What to do: The whole listing needs to be written out exactly, except for any images.

Data extract:
────────────────

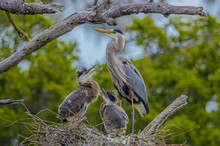 Great Blue Heron On Nest With Young Ones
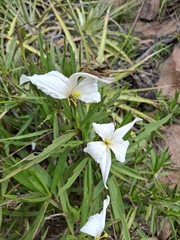 Nanuza plicata, photograph Taize Santos, CC0, iNaturalist via GBIF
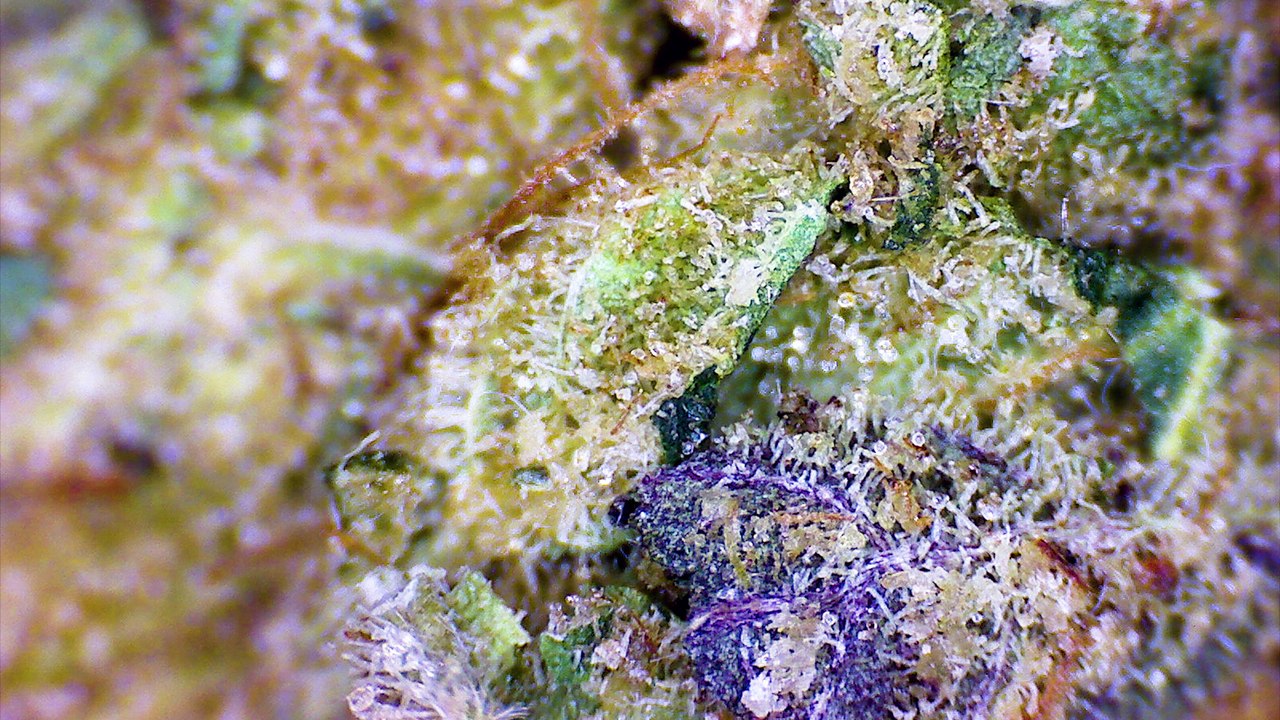 Strain Review: Chem Dawg - ELEV8 Presents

────────────────

Answer box:
 Great Blue Heron On Nest With Young Ones
 Nanuza plicata, photograph Taize Santos, CC0, iNaturalist via GBIF
 Strain Review: Chem Dawg - ELEV8 Presents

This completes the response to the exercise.